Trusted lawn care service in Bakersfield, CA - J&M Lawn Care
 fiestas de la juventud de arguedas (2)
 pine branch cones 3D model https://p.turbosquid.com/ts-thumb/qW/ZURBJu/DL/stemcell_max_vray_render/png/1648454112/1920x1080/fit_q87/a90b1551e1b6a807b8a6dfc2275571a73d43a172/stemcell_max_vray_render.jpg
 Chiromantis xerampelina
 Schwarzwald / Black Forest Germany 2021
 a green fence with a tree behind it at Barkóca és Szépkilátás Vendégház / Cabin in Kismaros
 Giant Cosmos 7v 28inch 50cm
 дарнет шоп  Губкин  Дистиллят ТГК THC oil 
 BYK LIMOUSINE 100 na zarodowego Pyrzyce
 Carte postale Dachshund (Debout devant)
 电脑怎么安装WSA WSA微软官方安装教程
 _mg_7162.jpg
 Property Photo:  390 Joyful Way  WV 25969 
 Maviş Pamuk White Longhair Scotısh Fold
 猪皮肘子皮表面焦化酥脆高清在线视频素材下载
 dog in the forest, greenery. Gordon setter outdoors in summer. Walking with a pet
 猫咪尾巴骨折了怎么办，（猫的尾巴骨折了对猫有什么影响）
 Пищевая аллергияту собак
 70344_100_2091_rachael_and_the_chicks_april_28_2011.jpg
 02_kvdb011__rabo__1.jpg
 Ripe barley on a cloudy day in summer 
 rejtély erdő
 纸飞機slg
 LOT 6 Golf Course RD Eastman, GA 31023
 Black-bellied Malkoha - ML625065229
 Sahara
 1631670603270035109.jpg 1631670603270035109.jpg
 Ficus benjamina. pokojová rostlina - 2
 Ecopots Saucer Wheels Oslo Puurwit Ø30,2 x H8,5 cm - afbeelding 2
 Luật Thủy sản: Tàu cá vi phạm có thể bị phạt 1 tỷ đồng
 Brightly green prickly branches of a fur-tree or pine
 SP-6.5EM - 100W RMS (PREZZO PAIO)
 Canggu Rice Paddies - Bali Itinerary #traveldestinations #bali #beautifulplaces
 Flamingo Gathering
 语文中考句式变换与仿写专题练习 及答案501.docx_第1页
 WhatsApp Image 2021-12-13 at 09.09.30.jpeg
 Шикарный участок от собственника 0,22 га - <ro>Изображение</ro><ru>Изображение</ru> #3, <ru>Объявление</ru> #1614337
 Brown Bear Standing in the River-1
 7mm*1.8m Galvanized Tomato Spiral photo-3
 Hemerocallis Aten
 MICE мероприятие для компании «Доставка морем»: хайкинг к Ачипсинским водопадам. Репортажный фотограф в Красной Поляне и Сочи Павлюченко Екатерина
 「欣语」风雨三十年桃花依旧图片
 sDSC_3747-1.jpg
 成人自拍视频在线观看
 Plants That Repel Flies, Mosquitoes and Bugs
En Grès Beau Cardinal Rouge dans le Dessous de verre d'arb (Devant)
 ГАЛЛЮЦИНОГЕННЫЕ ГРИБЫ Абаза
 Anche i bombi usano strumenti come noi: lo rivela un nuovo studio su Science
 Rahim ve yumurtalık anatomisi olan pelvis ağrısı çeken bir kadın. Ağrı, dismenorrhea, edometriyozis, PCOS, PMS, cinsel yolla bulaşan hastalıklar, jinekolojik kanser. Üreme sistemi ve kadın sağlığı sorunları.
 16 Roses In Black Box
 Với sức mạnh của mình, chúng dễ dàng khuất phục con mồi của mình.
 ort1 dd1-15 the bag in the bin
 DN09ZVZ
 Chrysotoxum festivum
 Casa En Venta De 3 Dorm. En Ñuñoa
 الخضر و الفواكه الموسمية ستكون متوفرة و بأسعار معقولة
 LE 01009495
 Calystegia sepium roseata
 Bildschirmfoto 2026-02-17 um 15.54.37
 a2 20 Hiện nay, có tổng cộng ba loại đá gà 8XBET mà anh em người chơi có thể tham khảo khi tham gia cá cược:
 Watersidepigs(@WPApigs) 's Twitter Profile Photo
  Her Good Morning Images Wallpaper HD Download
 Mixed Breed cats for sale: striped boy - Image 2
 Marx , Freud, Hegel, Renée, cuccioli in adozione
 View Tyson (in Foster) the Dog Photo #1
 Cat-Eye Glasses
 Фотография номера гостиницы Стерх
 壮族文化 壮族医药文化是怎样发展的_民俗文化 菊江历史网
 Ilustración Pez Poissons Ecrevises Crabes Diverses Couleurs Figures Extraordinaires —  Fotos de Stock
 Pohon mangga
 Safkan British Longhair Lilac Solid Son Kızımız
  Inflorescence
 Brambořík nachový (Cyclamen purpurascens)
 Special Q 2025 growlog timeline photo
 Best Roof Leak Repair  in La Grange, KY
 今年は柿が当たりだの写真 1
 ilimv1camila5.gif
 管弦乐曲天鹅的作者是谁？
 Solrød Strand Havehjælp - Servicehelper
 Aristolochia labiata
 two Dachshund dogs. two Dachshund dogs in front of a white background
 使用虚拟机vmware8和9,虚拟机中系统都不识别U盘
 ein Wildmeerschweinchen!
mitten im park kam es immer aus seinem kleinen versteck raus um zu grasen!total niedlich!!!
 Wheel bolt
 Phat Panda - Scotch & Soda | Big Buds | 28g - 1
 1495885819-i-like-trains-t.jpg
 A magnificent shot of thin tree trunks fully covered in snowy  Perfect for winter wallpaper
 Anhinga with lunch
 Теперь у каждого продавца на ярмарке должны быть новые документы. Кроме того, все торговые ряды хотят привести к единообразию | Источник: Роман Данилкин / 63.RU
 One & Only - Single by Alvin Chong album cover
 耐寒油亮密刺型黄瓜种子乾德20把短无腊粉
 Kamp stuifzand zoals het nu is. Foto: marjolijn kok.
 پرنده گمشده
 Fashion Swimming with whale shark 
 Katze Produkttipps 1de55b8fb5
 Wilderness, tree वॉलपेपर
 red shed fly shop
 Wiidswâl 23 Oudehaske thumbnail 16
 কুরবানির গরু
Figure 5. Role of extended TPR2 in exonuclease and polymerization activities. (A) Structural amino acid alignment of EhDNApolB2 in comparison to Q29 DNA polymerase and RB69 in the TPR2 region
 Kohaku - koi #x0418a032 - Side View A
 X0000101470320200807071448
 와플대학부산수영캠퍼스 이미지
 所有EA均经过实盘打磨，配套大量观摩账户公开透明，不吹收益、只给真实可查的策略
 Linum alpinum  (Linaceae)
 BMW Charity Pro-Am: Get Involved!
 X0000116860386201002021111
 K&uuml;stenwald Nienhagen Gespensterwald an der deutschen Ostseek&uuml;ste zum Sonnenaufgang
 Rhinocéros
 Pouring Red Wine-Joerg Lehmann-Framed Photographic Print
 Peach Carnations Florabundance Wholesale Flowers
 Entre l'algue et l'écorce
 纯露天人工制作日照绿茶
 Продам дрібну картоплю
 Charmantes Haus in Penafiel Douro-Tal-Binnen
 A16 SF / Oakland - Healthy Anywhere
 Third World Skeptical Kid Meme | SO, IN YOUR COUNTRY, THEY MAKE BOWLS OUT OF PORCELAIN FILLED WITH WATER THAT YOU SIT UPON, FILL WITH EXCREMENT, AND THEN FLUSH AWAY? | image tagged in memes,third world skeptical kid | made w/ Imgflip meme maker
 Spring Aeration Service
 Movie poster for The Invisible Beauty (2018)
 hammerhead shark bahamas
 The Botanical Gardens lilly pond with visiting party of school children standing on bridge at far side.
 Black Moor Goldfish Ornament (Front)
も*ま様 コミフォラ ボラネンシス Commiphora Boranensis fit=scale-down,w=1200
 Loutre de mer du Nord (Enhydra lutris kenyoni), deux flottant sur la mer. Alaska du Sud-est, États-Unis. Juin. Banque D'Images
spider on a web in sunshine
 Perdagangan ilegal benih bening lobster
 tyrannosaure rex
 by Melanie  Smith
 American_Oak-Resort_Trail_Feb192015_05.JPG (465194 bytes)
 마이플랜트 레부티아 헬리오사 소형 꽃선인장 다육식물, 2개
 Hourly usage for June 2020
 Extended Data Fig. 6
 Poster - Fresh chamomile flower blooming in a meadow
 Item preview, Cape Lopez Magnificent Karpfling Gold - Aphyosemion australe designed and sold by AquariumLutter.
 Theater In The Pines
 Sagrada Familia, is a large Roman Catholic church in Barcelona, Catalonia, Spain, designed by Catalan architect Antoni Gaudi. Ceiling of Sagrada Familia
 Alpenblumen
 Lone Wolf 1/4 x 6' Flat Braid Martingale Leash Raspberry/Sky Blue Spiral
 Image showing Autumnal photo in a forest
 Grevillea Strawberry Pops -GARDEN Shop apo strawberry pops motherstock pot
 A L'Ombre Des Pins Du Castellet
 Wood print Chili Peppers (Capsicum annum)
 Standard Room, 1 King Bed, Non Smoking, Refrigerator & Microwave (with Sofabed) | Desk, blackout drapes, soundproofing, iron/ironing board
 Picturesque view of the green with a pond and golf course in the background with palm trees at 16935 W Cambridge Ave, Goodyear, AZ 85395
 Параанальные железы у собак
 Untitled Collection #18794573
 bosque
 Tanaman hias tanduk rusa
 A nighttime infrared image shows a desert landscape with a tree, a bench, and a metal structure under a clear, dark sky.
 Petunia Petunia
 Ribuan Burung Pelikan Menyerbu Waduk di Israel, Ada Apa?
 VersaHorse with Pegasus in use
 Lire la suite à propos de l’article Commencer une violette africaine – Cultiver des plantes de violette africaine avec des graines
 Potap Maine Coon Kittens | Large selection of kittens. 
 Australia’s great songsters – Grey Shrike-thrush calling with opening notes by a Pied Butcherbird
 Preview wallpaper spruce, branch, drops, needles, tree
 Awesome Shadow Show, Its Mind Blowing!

┄┄┄┄┄┄

- [Work required]
From the first line of the entries above to the line with "Schwarzwald / Black Forest Germany 2021", please return every line exactly, keeping both ends.

- [Answer to this task]
Trusted lawn care service in Bakersfield, CA - J&M Lawn Care
 fiestas de la juventud de arguedas (2)
 pine branch cones 3D model https://p.turbosquid.com/ts-thumb/qW/ZURBJu/DL/stemcell_max_vray_render/png/1648454112/1920x1080/fit_q87/a90b1551e1b6a807b8a6dfc2275571a73d43a172/stemcell_max_vray_render.jpg
 Chiromantis xerampelina
 Schwarzwald / Black Forest Germany 2021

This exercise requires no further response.